In einer weiteren Sitzung, zwei Monate später, einigte man sich erst nach einer epischen fünfstündigen Debatte auf den eingangs erwähnten Kompromiss. Es sei der einzige Weg, einerseits die tiefroten Zahlen im Budget wenigstens teilweise zu korrigieren und andererseits sicherzustellen, dass das Gesamtbudget von den Wählerinnen und Wählern an der Urne goutiert würde. So der Tenor im Rat.
Dies bewahrheitete sich denn auch, aber nicht ohne Nebengeräusche. Die Stimmbevölkerung nahm im Januar das Budget mit einer Steuerfusserhöhung von drei Prozentpunkten auf neu 116 Prozent zwar an, mit nur 52,5 Prozent Ja-Stimmen allerdings denkbar knapp. Man kann hier also getrost vom berühmten zähneknirschenden «Ja» sprechen – wobei das Knirschen so laut war, dass man es auch in Aarau noch gehört haben dürfte.
Gegessen ist die Geschichte damit noch nicht. Im Gegenteil. Ab Donnerstag wird sie gar um ein weiteres Kapitel reicher. Dann stellt Finanzvorsteherin Denise Strasser das Budget für 2025 vor, das erneut eine Steuerfusserhöhung auf 120 Prozent vorsieht. Der Gemeinderat schreibt in einer Mitteilung, dass die Erhöhung im letzten Jahr nicht im Umfang seines Antrags stattgefunden hat.
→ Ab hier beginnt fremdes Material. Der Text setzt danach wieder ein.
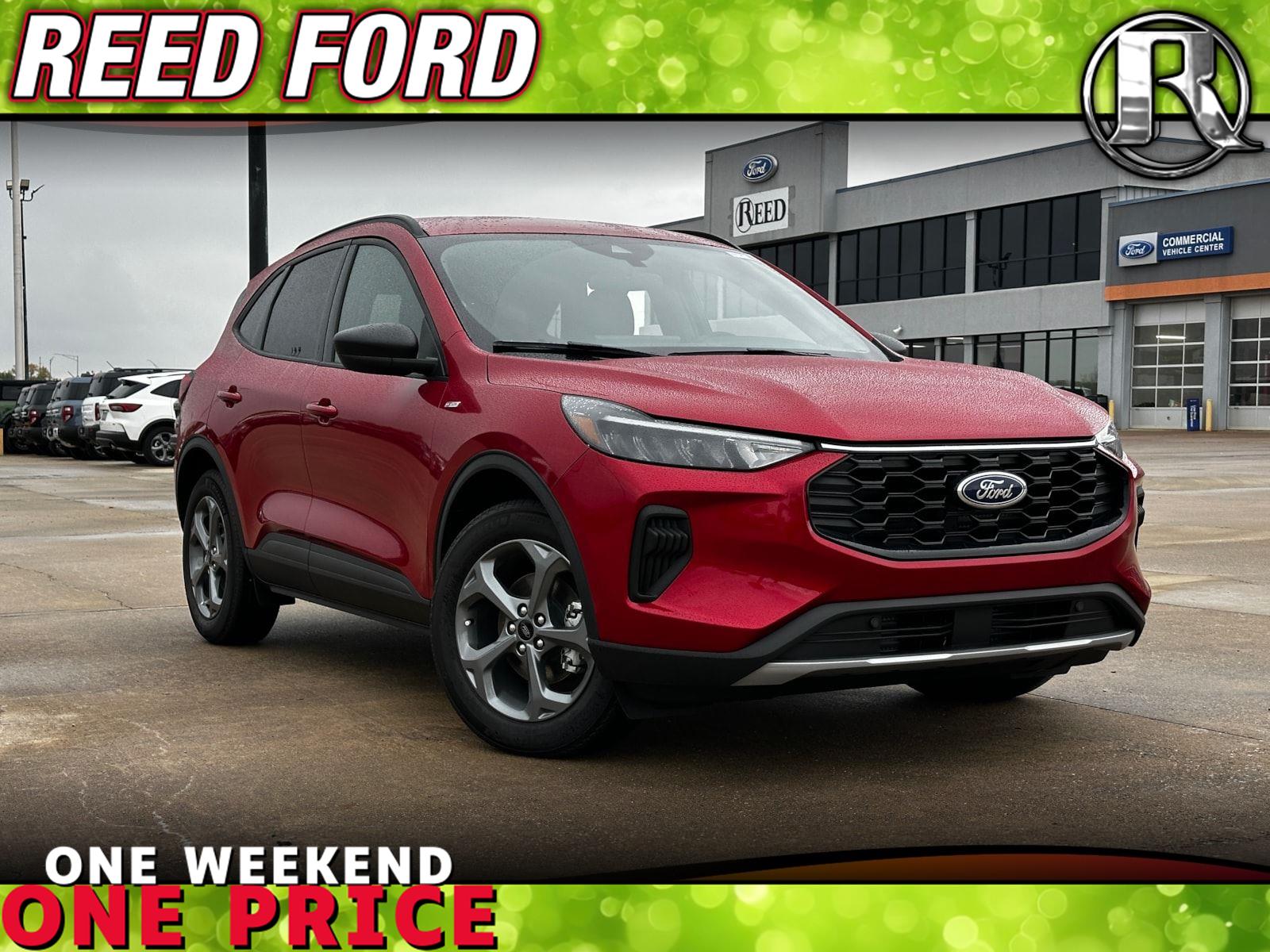 2025 Ford Escape ST-Line's photo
Dies will er in diesem Jahr nachholen, denn: «Mit dem Budget 2025 erhöhen sich wiederum verschiedene Kosten, welche die ordentliche Entwicklung des Steuerertrages übersteigen.»
Ausgaben werden künftig steigen
Nur mit der Steuererhöhung auf 120 Prozent liesse sich ein (beinahe) ausgeglichenes Budget präsentieren, das derzeit ein vergleichsweise kleines Minus von 88'700 Franken vorsieht, ist der Gemeinderat überzeugt. Im vergangenen Jahr betrug das Defizit im ersten Budgetvorschlag noch 1,6 Millionen Franken. Doch auch die bessere Balance zwischen Ausgaben und Einnahmen dürfte die bürgerliche Mehrheit im Einwohnerrat kaum überzeugen. Auch dass der Sprung bei den Steuern diesmal nicht sieben, sondern nur noch vier Prozentpunkte beträgt, dürfte die Gemüter nicht besser stimmen.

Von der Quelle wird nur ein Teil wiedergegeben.